To feel, in some way, that sense of belonging to a fixed, immovable territory, I had to offer myself to work in exchange for food and accommodation. And, as always happens, a seduction was established in a rural environment, rugged, on the part of the outsider, a gypsy, a savage foreigner, who had just arrived. But, as the days goes, even though the service compensated to feed and offering a roof over that hard-boiled traveler’s head, things were generally becoming a little less attractive. That free time that I had leftover between these and other tasks, I was supposed to be destined to write.
In the vicinity of Cartaya, for example, in 2010, where I was for more than three months while the owner of the house, Peter Wolf, was crossing the Atlantic with his friend on a sailing boat, I had not been able to gather enough discipline to reach that shore of the habit of silence and focus that requires the act of writing. To write in a methodical, structured and structural way. Peter, on his return, was visibly angry not necessarily because the work I’ve done was not complete and satisfying but because I hadn’t even started writing in a professional way. And, he let me know in a e-mail message. Since the idea was me to stay in that empty house to do some daily work, and to write, fundamentally and so, what was wrong with me?. I supposed to write down the story others were drawing in their minds that I should tell them.

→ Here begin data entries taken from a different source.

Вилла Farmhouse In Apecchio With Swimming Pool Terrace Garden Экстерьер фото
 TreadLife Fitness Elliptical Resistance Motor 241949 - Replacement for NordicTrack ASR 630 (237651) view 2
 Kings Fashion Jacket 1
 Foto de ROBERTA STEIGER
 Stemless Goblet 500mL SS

As time and space passed, the people who knew me gradually took it for granted that something transcendental could happen to me in that writing territory. It didn’t. I began to feel that they were even losing the enthusiasm that one day they would see a book signed by me. Because the people, those folks I encountered on the endless paths of the world, were partly portrayed in me. I was they existential mirror. I was, in some way, an extension of their unfulfilled desires, of their own broken glasses, of those impossibility of functioning as they were supposed to. They were all frustrated writers and I represented a precious stone that could achieve what they have not been able to do. Many said to me, “Do it for us, travel for us.” They were trapped in a family, domestic, financial swarm, a serious lack of free time to fly. To verify that my free time was somehow unproductive, was not pleasant to them.
Everything is seductive when one is free or, at least that is the other’s perception. I do think I was free, that I still am. My website omarglobal.com has that philosophical phrase: “Life is Freedom”. My freedom to travel aimlessly, thousands of miles, as if there were no limits, seduced people. But as time passed, one day, one month, one year, that man with a mysterious gaze was no longer who he had been, he was no longer that seductive foreigner. And, if you’ve never published a book of your many experiences on the road, even worse. I shouldn’t care about other people’s perceptions, but I do care because through that, somewhat I’ve been able to better perceive myself.